In Ghiling, the family found shelter and a new start. While he earned Rs50 a year for shepherding, his parents and siblings did other odd jobs to make a living—weaving blankets, roasting barley, and working the fields. Life was tough.
Every day, as Chomphel would round up the goats to take them out to graze, he would longingly look at other children who would go to the village’s newly established government school called Shree Jana Jyoti School. “I wanted to study, just like the rest of those my age. But we needed food on our plate, so I had to work,” he says.

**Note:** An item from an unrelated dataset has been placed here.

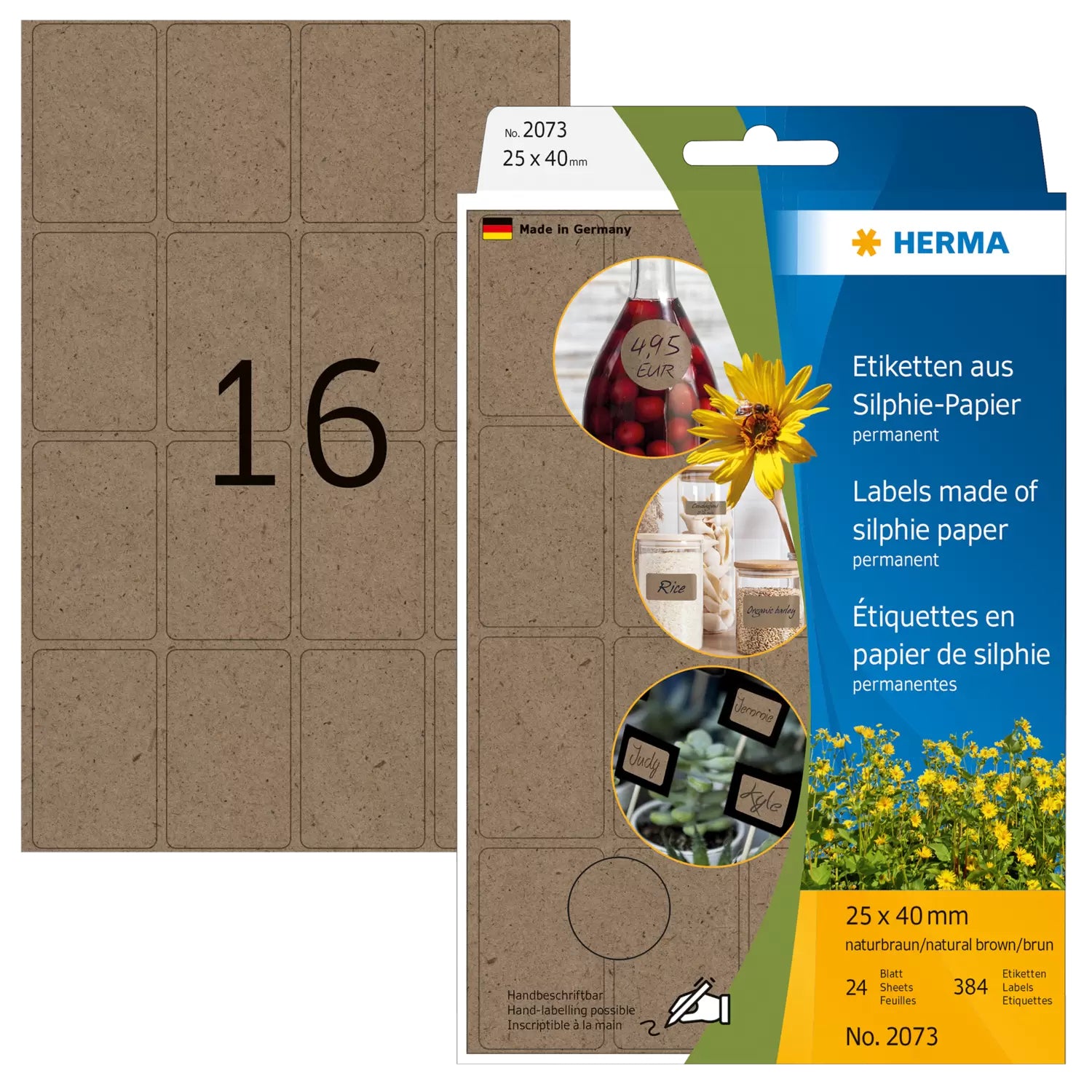 HERMA Schuletiketten – 25 × 40 mm, abgerundete Ecken, 384 Stk, 24 Bogen, Papier, permanent haftend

After six years in Ghiling, the family managed to put together enough money to head down to Pokhara where there was a Tibetan refugee camp being managed by the International Red Cross. “My parents wanted us to live with the Tibetan community, so we would not forget our culture and language,” says Chomphel. In around 1965, the family left the Mustang village, with young Chomphel never thinking he would one day be back.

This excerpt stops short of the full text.